* [Task to complete]
From the first line of the material through the line that holds "yüz peeling maskesi uygulama", repeat each line exactly and skip any picture.
===== Information given =====
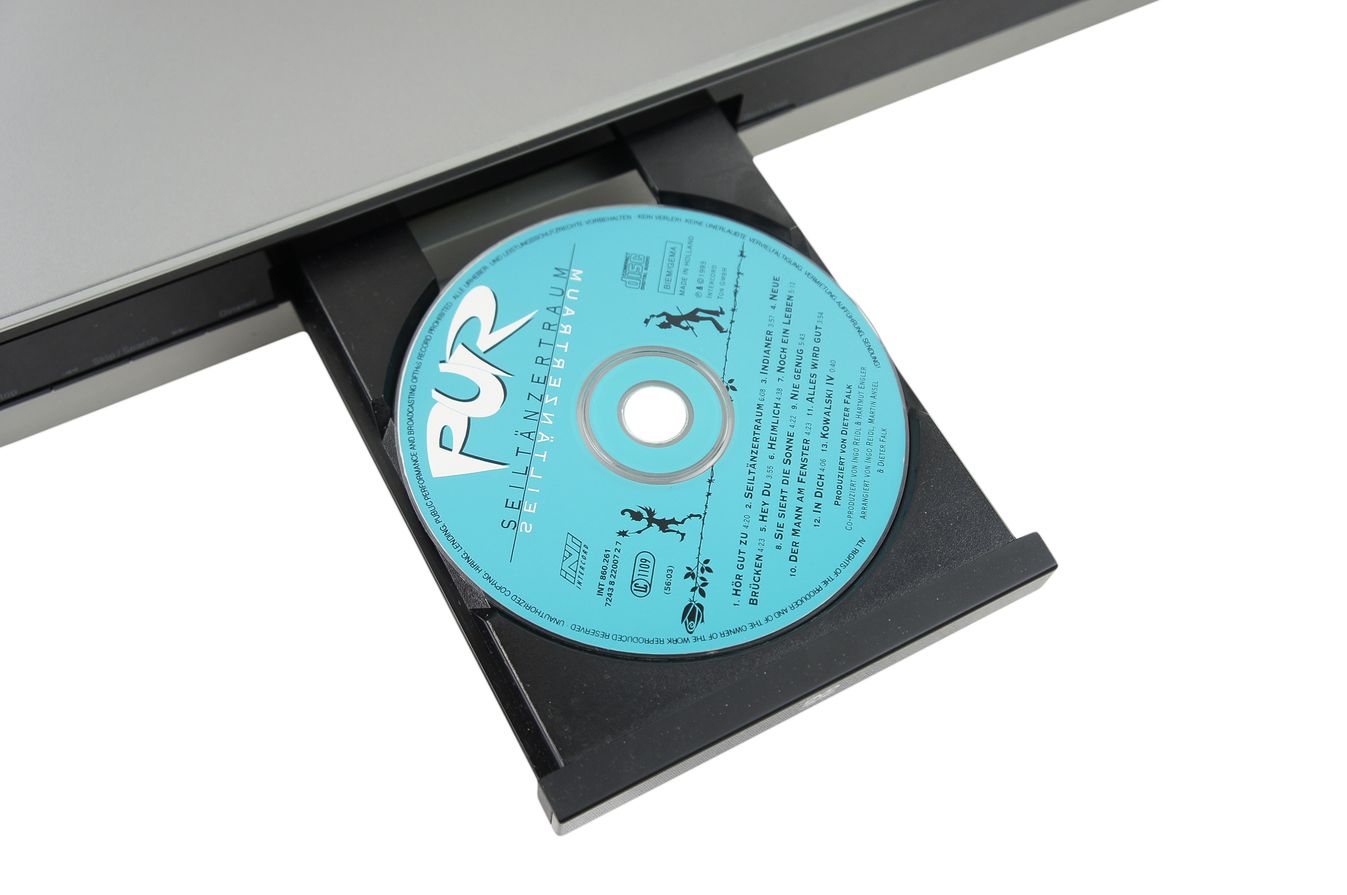 Harman_Kardon_DVD_28_DVD_Player_02_result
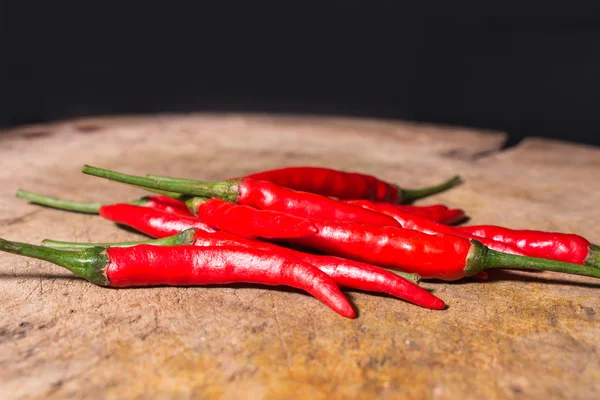 Rojo pájaro picante chile naturaleza fondo —  Fotos de Stock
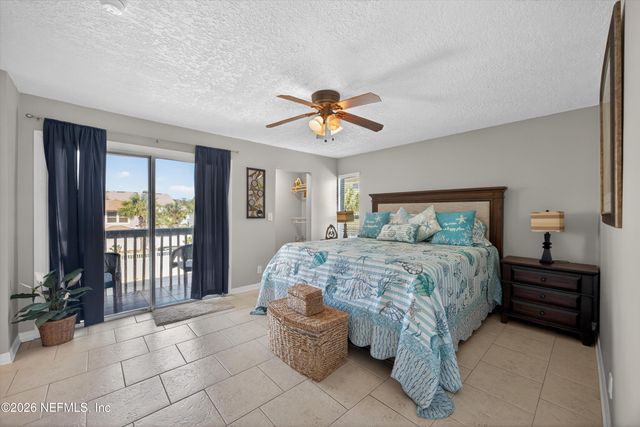 724 1ST Street 1-2, Jacksonville Beach, FL 32250
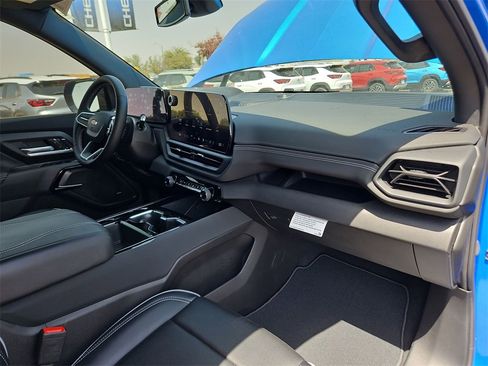 New 2025 Chevrolet Silverado EV LT image 21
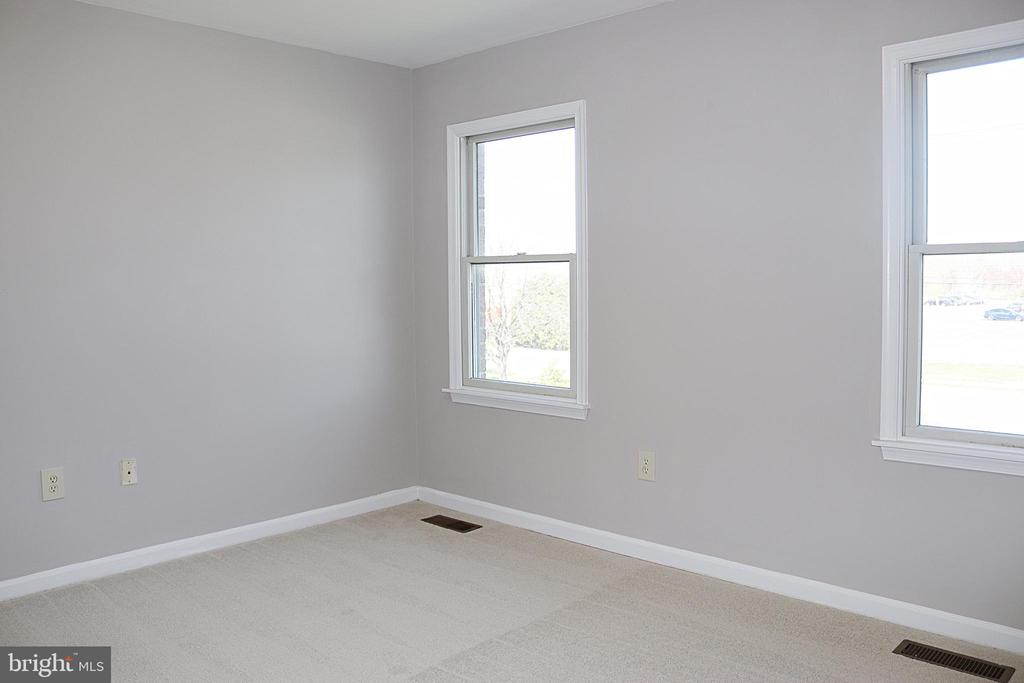 303 EAST RIDGE DRIVE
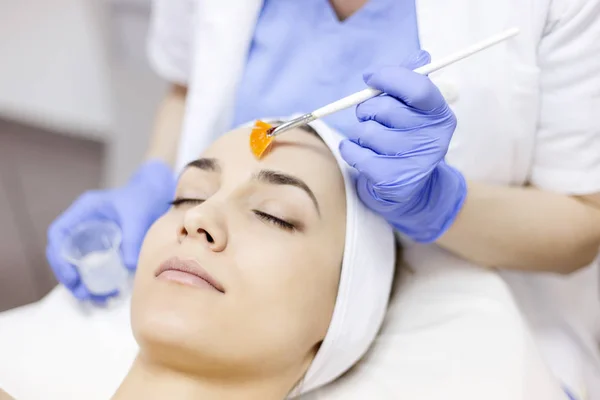yüz peeling maskesi uygulama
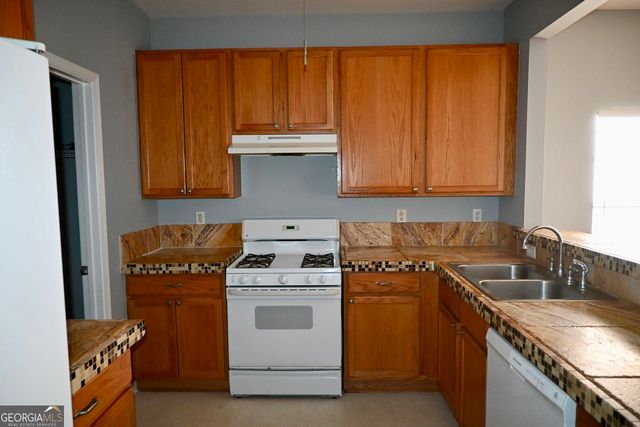 1563 Rachel's Ridge NW, Kennesaw, GA 30152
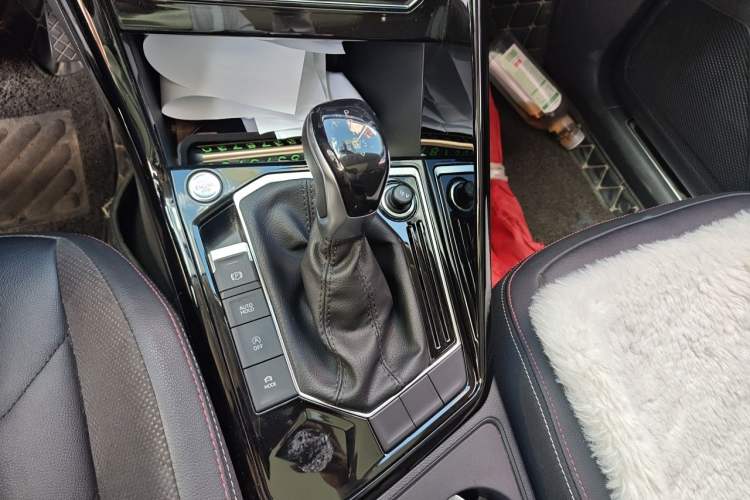 Used Volkswagen Tayron 2021 280TSI Two-Wheel Drive Luxury Smart Connectivity Version Gear Lever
=====
* [Result]
 Harman_Kardon_DVD_28_DVD_Player_02_result
 Rojo pájaro picante chile naturaleza fondo —  Fotos de Stock
 724 1ST Street 1-2, Jacksonville Beach, FL 32250
 New 2025 Chevrolet Silverado EV LT image 21
 303 EAST RIDGE DRIVE
yüz peeling maskesi uygulama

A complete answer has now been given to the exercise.